§ **WHAT YOU SHOULD DO**: The output is the lines below from the one with "Brązowa zamszowa marynarka" through the one with "NWT Carolina Herrera", both included, printed exactly and with no other line.

□ □ □

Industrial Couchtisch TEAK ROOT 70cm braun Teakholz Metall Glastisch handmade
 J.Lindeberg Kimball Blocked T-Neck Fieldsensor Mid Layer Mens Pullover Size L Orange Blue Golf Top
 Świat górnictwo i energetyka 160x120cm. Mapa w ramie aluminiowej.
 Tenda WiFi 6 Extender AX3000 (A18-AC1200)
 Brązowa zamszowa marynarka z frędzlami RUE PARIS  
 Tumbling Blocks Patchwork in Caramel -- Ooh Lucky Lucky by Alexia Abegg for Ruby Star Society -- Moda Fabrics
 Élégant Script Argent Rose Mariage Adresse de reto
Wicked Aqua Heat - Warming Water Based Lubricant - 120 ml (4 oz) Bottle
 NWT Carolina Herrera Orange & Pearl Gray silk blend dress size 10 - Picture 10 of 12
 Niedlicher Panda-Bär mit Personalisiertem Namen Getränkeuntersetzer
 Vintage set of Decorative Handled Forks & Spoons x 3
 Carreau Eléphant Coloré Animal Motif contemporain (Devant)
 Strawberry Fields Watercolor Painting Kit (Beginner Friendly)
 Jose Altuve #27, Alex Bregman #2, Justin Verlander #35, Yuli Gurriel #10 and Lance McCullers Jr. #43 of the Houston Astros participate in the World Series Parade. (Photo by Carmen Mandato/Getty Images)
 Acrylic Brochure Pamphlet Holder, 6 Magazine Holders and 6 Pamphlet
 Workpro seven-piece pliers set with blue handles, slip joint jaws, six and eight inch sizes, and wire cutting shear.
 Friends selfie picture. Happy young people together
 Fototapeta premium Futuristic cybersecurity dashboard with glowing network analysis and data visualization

□ □ □

§ **REPLY**:
 Brązowa zamszowa marynarka z frędzlami RUE PARIS  
 Tumbling Blocks Patchwork in Caramel -- Ooh Lucky Lucky by Alexia Abegg for Ruby Star Society -- Moda Fabrics
 Élégant Script Argent Rose Mariage Adresse de reto
Wicked Aqua Heat - Warming Water Based Lubricant - 120 ml (4 oz) Bottle
 NWT Carolina Herrera Orange & Pearl Gray silk blend dress size 10 - Picture 10 of 12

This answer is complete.